The fractured state of contemporary indie-rock generated a delightfully eclectic bill of 12 bands at Children’s Mercy Park on Saturday. The first installment of the two-day Buzz Beach Ball concert, an annual event organized by radio station 96.5 the Buzz, was attended by more than 15,000 people.
Nashville, Tenn.-based Cage the Elephant headlined the 10-hour show. The group has an estimable catalog of rugged songs that evoke seminal rock groups ranging from the Rolling Stones to the Pixies, but it fared poorly in comparison to the two acts that preceded it on the main stage.
Fitz and the Tantrums is an effervescent, soul-soaked pop band with a polished presentation. The Los Angeles ensemble’s panache made Cage the Elephant seem callow.
And Jack Antonoff of New York group Bleachers engaged the audience like a cunning politician during an amusingly over-the-top outing that paid homage to the glossy bombast of 1980s arena rock. Conversely, Cage the Elephant’s Matt Shultz said, “I wish I was a great speaker, but I’m not.”
Stages at either end of the stadium allowed for quick transitions between bands until apparent technical problems caused Bleachers to miss its slot. The subsequent delays and troublesome acoustics that made the sound carom around the stadium like a wind-battered beach ball failed to spoil the cheerful atmosphere.

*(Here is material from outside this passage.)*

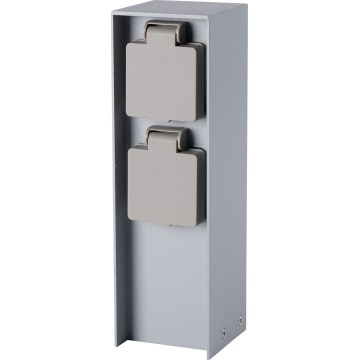Brilagi - Външен стълб за контакти PILLAR 2Z SCHUKO 230V IP44, сребрист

The remarkable variety also contributed to the fun. Bear Hands, a snarky band from Brooklyn, cleverly combined hip-hop, pop and electronic music. Canadian group the Strumbellas offered friendly stomp-and-shout folk replete with fiddle solos and corny jokes. Even though its industrial rock was leavened by pop on renditions of hits including “Unsteady,” New York’s X Ambassadors was one of the day’s most thunderous bands. Violent Femmes, the day’s token oldies act, revived anxious hits like “Add It Up.”

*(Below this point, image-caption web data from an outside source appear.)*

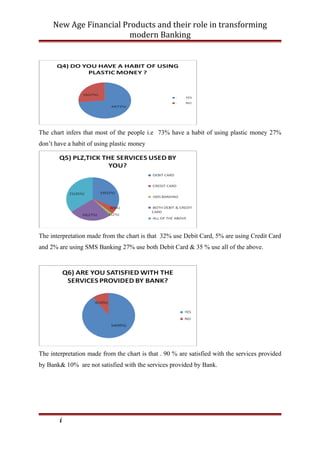 New Age Financial Products and their role in transforming
modern Banking
The chart infers that most of the people i.e 73% have a habit of using plastic money 27%
don’t have a habit of using plastic money
The interpretation made from the chart is that 32% use Debit Card, 5% are using Credit Card
and 2% are using SMS Banking 27% use both Debit Card & 35 % use all of the above.
The interpretation made from the chart is that . 90 % are satisfied with the services provided
by Bank& 10% are not satisfied with the services provided by Bank.
i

Two Kansas City groups held their own. Brave the Spirit opened the festivities with an impressive set of angular guitar-based songs. Hembree’s outing contained exceedingly cordial grooves punctuated by occasional outbursts of feisty guitars and keyboards.

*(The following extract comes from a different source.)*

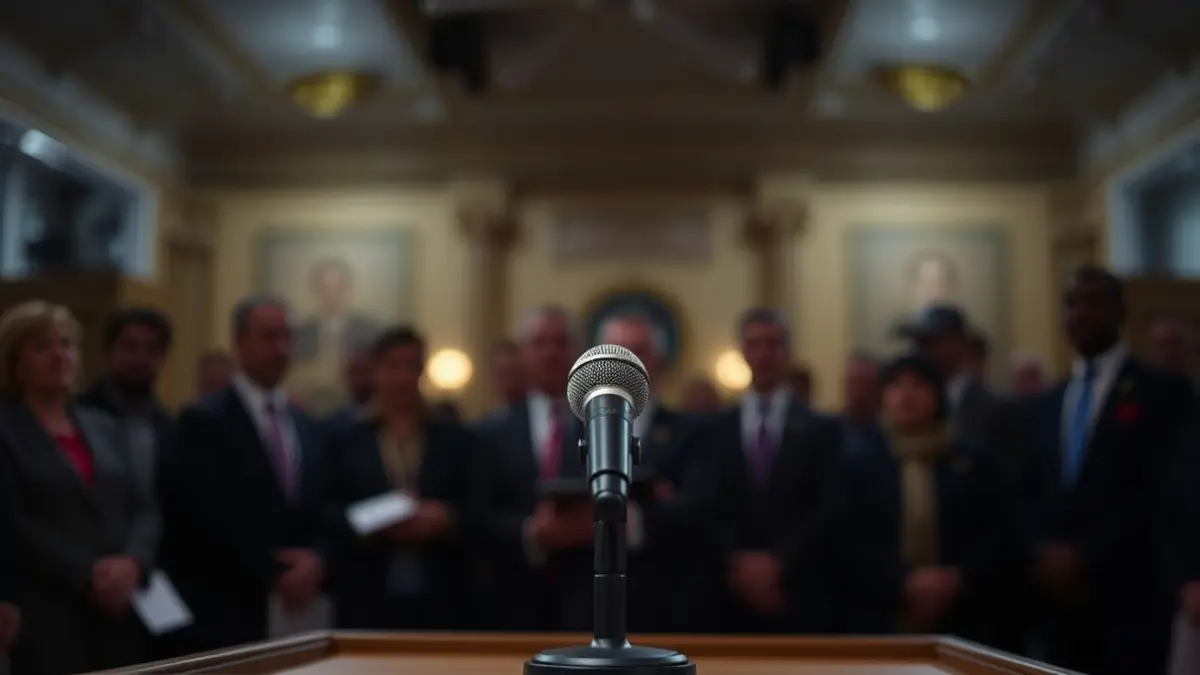 Imagen genérica de un micrófono en un atril, simbolizando una rueda de prensa o declaración política.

Kitten gave the most memorable performance. The Los Angeles group applied its lush dream-pop to an entrancing rendition of Prince’s “Purple Rain” and to wistful original material like “Fall on Me.” Kitten’s set will be remembered, however, for the clinic in crowd-surfing, stage-diving and guitar-smashing conducted by frontwoman Chloe Chaidez. Her antics injected a welcome dose of danger into an otherwise pleasantly predictable day of music.